On peut reprocher à Bruno Cotte son manque de perspicacité. Une affaire de vente de Cadillac vers la Russie des Soviets a peu de chance de laisser des traces dans les archives des ministères français. Par contre, qu'en est-il des archives du FBI, de l'OGPU ?



Extrait d'archives de sources US  : Télégramme en date du 20 mai 1923 expédié de Samara en Russie concernant une affaire de Cadillac qui n'a jamais existé. 


Document d'archives Russes en date du 15 mai 1923 concernant une affaire de Cadillac qui n'a jamais existé.


Bertrand Patenaude, historien chercheur à l'Université de Stanford en Californie, auteur du monumental ouvrage "Big show in Bololand" rapporte cette anecdote  page 587 : "Mr Eiduck met the proposal as if it were a criminal on trial before him, and as if he were a French court, which considers the accused guilty until proven innocent" [Eiduck est un agent de l'OGPU qui rend compte directement à Dzerjinski]. La justice française est comparée par un membre de l'A.R.A. aux méthodes criminelles d'un agent inculte de l'OGPU.

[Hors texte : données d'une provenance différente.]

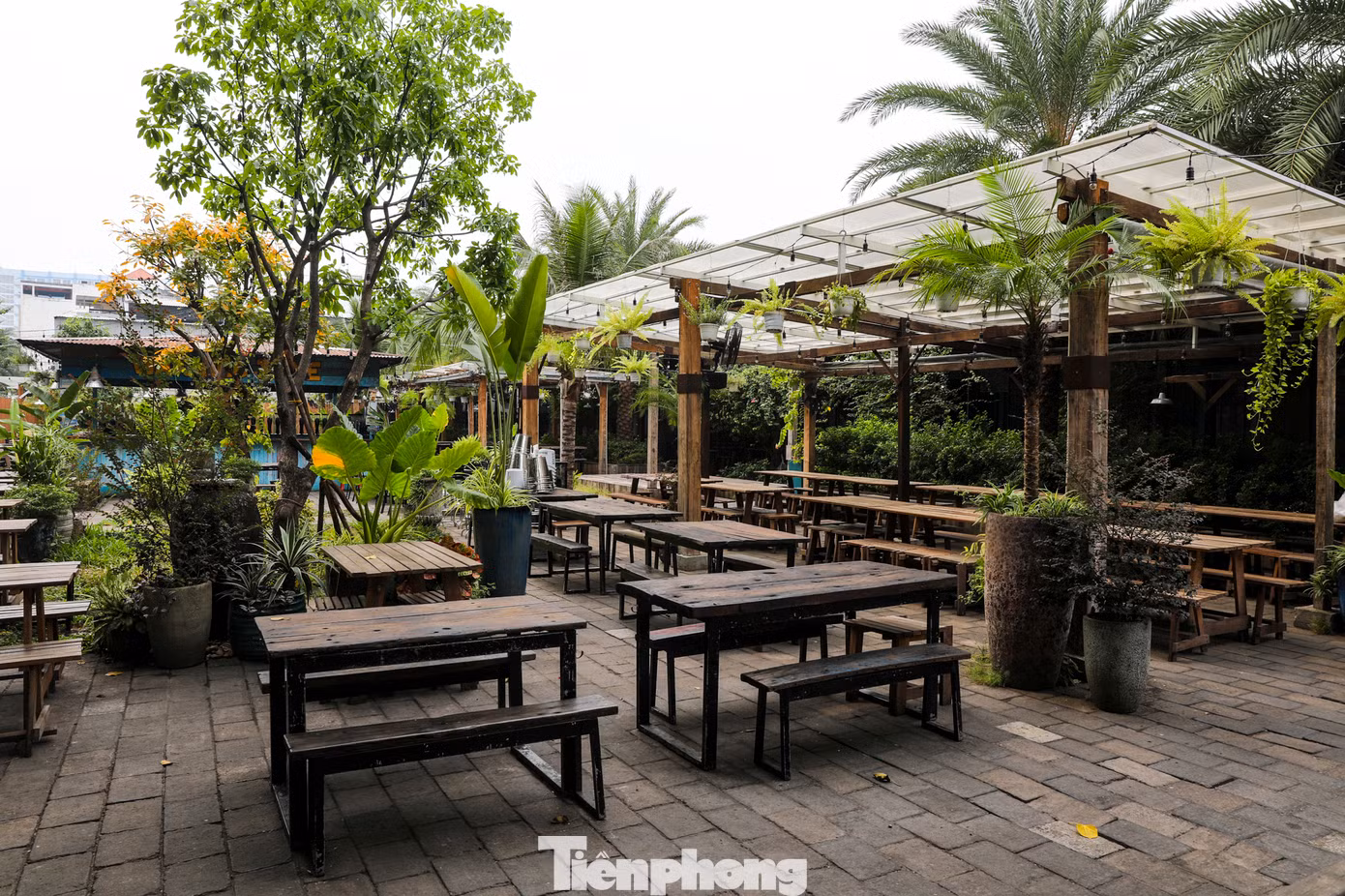Kết luận thanh tra việc chấp hành pháp luật trong quản lý và sử dụng đất đai, Thanh tra Chính phủ (TTCP) đã chỉ ra nhiều sai phạm liên quan đến việc xử lý sắp xếp lại nhà, đất thuộc sở hữu nhà nước tại Tổng công ty Chè Việt Nam.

C'est une bonne définition de l'affaire Seznec. Seznec a été jugé coupable car il n'a pas su prouver son innocence. L'histoire retiendra une obstination dans l'erreur de la justice française. Avec les éléments qui ont été mis à jour depuis 2015 et le possible retour de Pierre Quéméneur à Morlaix, avec la découverte de l'Américain Sherdy qui n'est autre que le Colonel Turrou, avec la preuve que les Soviétiques achetaient bien des Cadillac, la justice devrait s'auto-saisir.